Semantic Search with Embeddings

This section provides examples on how to use the Embed endpoint to perform semantic search.

Semantic search solves the problem faced by the more traditional approach of lexical search, which is great at finding keyword matches, but struggles to capture the context or meaning of a piece of text.

PYTHON
1import cohere
2import numpy as np
3co = cohere.ClientV2(api_key="YOUR_API_KEY") # Get your free API key: https://dashboard.cohere.com/api-keys

The Embed endpoint takes in texts as input and returns embeddings as output.

For semantic search, there are two types of documents we need to turn into embeddings.

  • The list of documents to search from.
  • The query that will be used to search the documents.

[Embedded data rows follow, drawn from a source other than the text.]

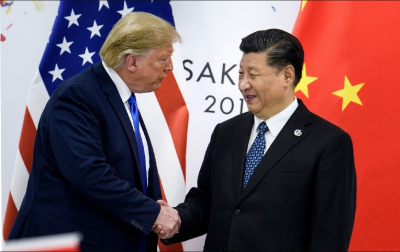 Китай подтвердил достижение соглашения с США по ключевым торговым вопросам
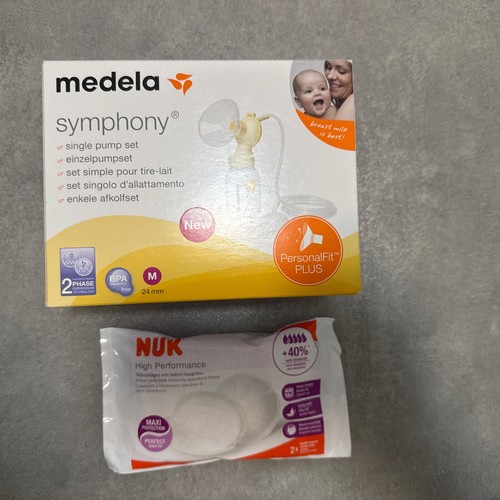 Medela symphony single pump - symphony,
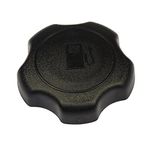 Briggs & Stratton 795027 Fuel Tank Cap for 134400 L-Head Engines, 7-12.5 HP Vertical Engines, Black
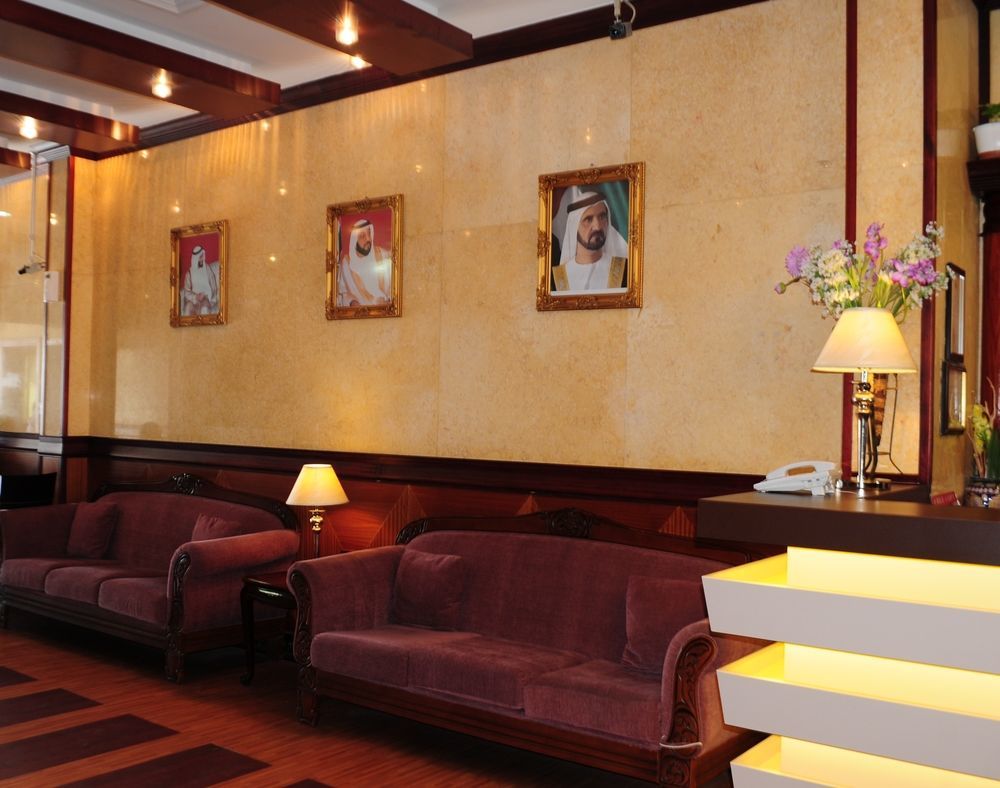 Hotel Fortune Grand Dubai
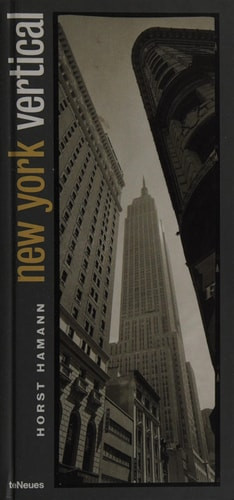 写真集　New York Vertical New York Vertical - Labyrinth Books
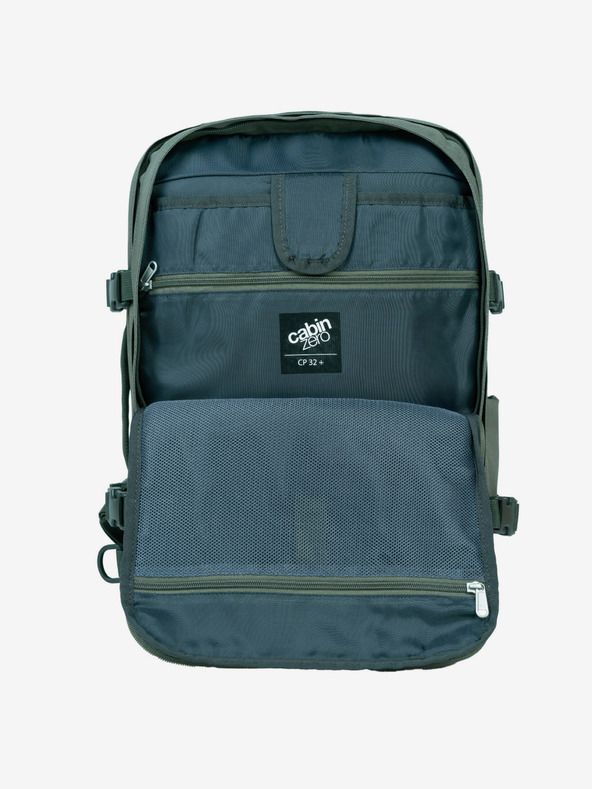CabinZero Kaki unisex nahrbtnik CabinZero Classic Pro Georgian (32 L)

Step 1: Embed the documents

We call the Embed endpoint using co.embed() and pass the required arguments:

  • texts: The list of texts
  • model: Here we choose embed-english-v3.0, which generates embeddings of size 1024
  • input_type: We choose search_document to ensure the model treats these as the documents for search
  • embedding_types: We choose float to get a float array as the output

Step 2: Embed the query

Next, we add and embed a query. We choose search_query as the input_type to ensure the model treats this as the query (instead of documents) for search.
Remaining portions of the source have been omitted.